> Data for review
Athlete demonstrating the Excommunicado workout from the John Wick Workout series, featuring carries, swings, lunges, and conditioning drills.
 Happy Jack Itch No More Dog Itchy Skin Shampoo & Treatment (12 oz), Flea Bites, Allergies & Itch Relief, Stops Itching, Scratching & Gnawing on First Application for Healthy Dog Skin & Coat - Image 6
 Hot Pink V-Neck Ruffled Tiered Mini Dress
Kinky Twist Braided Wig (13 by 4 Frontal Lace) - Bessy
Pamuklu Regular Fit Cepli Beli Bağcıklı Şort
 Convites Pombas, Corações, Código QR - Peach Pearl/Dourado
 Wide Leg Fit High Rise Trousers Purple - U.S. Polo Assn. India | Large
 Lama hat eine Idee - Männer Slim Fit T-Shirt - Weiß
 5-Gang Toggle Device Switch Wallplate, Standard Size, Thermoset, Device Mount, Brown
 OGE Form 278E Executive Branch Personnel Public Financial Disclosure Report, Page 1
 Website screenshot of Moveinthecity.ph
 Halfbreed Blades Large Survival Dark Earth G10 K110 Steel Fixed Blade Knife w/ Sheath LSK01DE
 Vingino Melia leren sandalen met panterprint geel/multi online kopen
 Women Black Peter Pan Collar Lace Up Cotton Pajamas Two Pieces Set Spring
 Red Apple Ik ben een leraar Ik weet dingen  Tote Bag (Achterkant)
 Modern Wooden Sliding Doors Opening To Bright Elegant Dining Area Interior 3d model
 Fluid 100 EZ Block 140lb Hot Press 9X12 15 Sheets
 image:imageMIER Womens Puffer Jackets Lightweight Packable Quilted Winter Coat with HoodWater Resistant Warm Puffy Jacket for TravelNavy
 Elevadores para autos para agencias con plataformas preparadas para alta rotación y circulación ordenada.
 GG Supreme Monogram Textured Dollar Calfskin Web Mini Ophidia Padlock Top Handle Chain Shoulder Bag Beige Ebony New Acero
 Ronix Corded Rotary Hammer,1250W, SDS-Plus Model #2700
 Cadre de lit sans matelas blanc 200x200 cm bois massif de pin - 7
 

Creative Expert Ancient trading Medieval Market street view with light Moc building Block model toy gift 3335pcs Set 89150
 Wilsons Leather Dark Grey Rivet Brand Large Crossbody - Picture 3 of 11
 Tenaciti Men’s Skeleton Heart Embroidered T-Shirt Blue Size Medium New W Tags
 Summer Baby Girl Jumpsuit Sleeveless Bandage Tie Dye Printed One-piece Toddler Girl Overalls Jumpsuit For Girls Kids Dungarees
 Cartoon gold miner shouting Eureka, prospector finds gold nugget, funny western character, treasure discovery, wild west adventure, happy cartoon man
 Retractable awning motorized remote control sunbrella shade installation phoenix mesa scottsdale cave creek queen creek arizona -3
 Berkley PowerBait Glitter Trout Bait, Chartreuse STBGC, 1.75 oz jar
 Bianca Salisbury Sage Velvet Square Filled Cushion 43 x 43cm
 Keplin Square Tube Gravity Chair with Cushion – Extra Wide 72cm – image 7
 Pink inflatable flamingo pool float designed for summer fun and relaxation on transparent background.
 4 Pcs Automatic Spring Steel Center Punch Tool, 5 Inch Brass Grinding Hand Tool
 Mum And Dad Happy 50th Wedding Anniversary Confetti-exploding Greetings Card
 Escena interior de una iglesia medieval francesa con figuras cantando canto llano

> Directions
Count every line above that holds the word "Lace", and state the number and nothing more.

> Answer to this task
2